## Provided material:
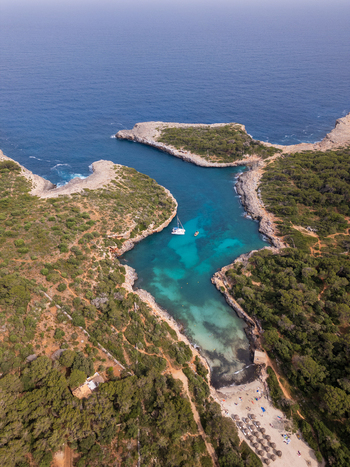 Aerial view of Cala Sa Nau cove featuring turquoise water rocky cliffs with pine trees and a white boat anchored in the bay in Felanitx Balearic Islands Spain. Aerial view of Cala Sa Nau cove featuring turquoise water rocky cliffs with pine trees and a white boat anchored in the bay in Felanitx Balearic Islands Spain.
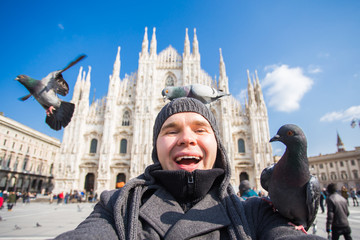 Winter travel, vacations and birds concept - Young funny man taking selfie with pigeons near Milan Cathedral Duomo di Milano, Italy.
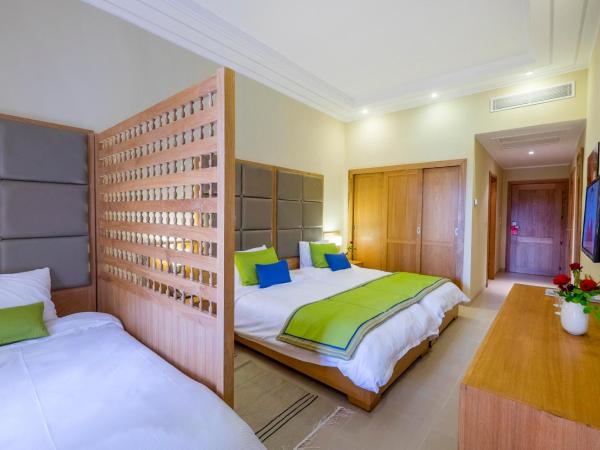 Hotel Bel Azur Thalasso & Bungalows : photo 2 de la chambre chambre triple - vue sur jardin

## Task statement:
Set the lines down exactly as they stand, from the one containing "Winter travel, vacations" through the end of the listing, omitting every picture.

## Written answer:
 Winter travel, vacations and birds concept - Young funny man taking selfie with pigeons near Milan Cathedral Duomo di Milano, Italy.
 Hotel Bel Azur Thalasso & Bungalows : photo 2 de la chambre chambre triple - vue sur jardin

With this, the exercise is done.